The La-Z-Boy video catalogue, one of 35 developed by Intellitek of Omaha, operates on a satellite-based communications network that regularly updates fabric and frame information. The computer also figures out how much fabric is required, the approximate delivery date and the total price. Retailers generally opt for three manufacturers' catalogues from Intellitek for about $450 a month. Additional catalogues are available for about $50 each.

"Video catalogues enhance the shopping experience with furniture, draperies and rugs," says Jerry Schneider, president of Intellitek. "These are all areas in which customers have to visualize something that hasn't been built yet and where figuring out the price is complicated because there are a number of variables."

Norwalk Furniture Corp., a Norwalk, Ohio, company that makes upholstered furniture, has had a computerized video catalogue for nearly five years. It is in 108 company-owned and independent furniture stores nationwide.

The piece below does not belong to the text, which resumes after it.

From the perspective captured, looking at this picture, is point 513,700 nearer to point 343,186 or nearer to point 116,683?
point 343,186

Jim Gerken, vice president of marketing services, says Norwalk's database includes more than 500 frames and 2,000 upholstery fabrics. Multiple images can be displayed for comparison, and a "zoom" feature offers a close-up look at details. If a fabric is unsuitable for a specific use, the computer will say so. In addition, a menu lists complementary fabrics for accent pillows and trims.

The Norwalk Computerized Catalog System is produced by ModaCAD, a computer-aided design system developed in Los Angeles. ModaCAD also designs and markets systems for use in the textile, apparel, industrial design and entertainment industries.

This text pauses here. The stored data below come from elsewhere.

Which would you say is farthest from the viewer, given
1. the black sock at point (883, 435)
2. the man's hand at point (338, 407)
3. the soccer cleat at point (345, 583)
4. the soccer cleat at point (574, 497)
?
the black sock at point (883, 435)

ModaCAD recently put the fabric collection of Boussac of France on video for a presentation to interior designers at Boussac's New York showroom.

Although known for their ability to visualize how a fabric and frame will look together, the designers appreciated the computer aid, according to Eileen Samet, communications director of Boussac.

"It doesn't totally take the place of the real fabric," Samet says. "But it was captivating to watch as a fabric design was draped over a sofa or materialized before your eyes on the wall of a room setting."

Video fabric draping has been limited mostly to catalogues. But the weekly syndicated TV show "Haven," sponsored by the Home Furnishings Council, an industry trade group, is doing electronic make-overs using the Intellitek system ("Haven" airs locally on Channel 42).

"We have done about four of these electronic make-overs so far," Schneider says. "A room setting taken from our database that includes the catalogues of 31 manufacturers is flashed on the screen. Then, the color and pattern are changed in several different ways right on the screen.

"Next season, we plan to do the make-overs by remote control. We'll be in the studio in New York, and the video make-overs can be taking place in a store in Arizona or anywhere else."